Microsoft's "Courier" booklet-style tablet concept
Silicon Alley Insider yesterday noted that HP appears to be putting its "slate" tablet computer on hold as it looks to complete its acquisition of Palm. The move appears to be related to HP needing to make decisions about how exactly it will integrate Palm's webOS smartphone operating system into its product roadmap.
An analyst asked what HP would be doing with its iPad-rival. HP's Todd Bradley responded, "We haven't made roadmap announcements," but that HP will explain its Slate plans in more detail when the Palm deal closes.

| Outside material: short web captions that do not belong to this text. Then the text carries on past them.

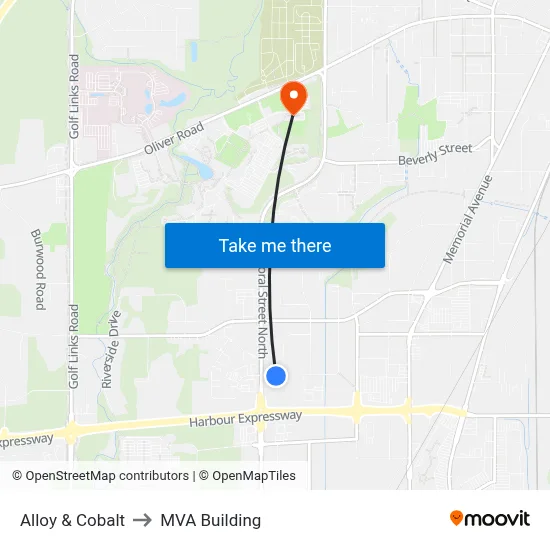 Alloy & Cobalt to MVA Building map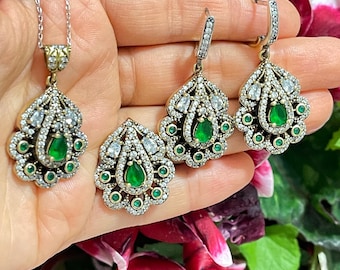 Parure di gioielli in argento smeraldo 925K, set da donna autentico fatto a mano con orecchini, ciondolo e anello, regalo perfetto per lei, design ottomano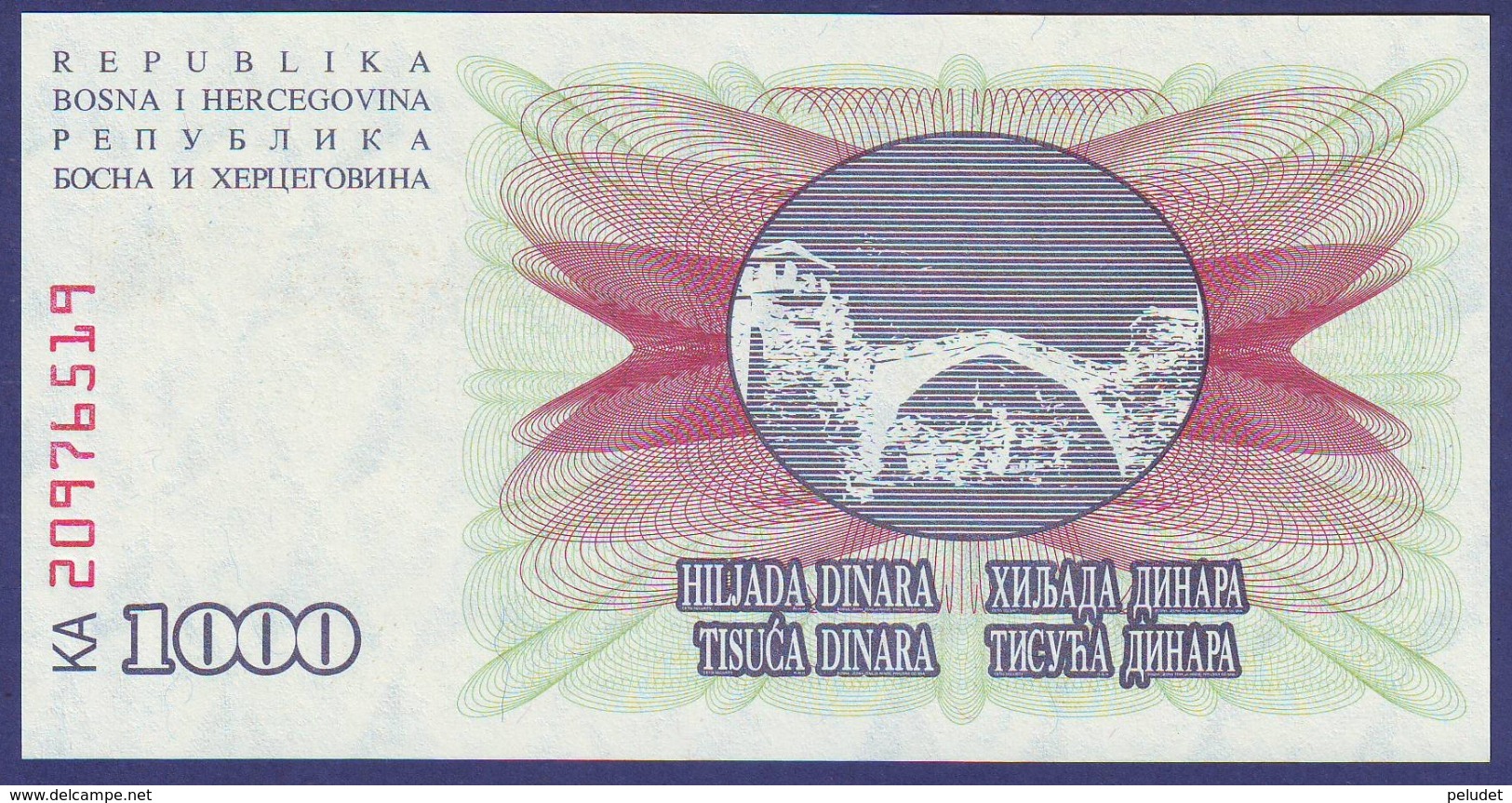 Bosne I Hercegovine 1992 1000 DINARA UNC - Bosnia Y Herzegovina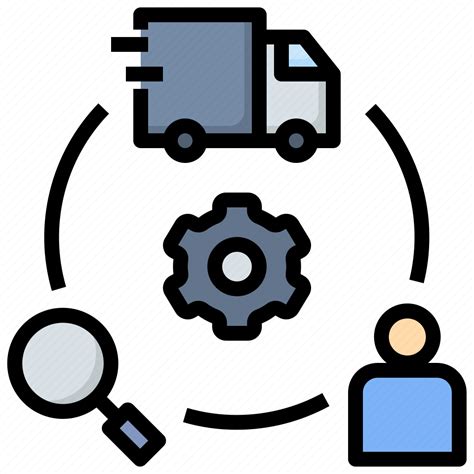 Supply Chain Management Logistic Research Customer Process Icon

That's at least a few months away: HP expects the deal to close during its fiscal third quarter, which ends at the end of July. And building Palm's WebOS operating system into HP tablets could take much longer -- perhaps even a year or more.
HP's slate, previously destined to use Microsoft Windows, was demoed by Microsoft CEO Steve Ballmer in early January, several weeks before Apple introduced the iPad. The following month, HP indicated that it was refining the final specs of the slate in response to the iPad and looking to price it competitively with Apple's tablet device.

Today, Gizmodo reports that Microsoft has cancelled its own "Courier" booklet-style tablet device.
We're told that on Wednesday, Microsoft execs informed the internal team that had been working on the tablet device that the project would no longer be supported. Courier had never been publicly announced or acknowledged as a Microsoft product.
The cancellation was confirmed in a response from a Microsoft representative, who noted that it Courier was one of the company's creative explorations of new form factors and interfaces, but that it is not planned to go into production. The Courier concept offered two touch-sensitive screens in a foldable format and incorporates touch, stylus, and handwriting recognition input.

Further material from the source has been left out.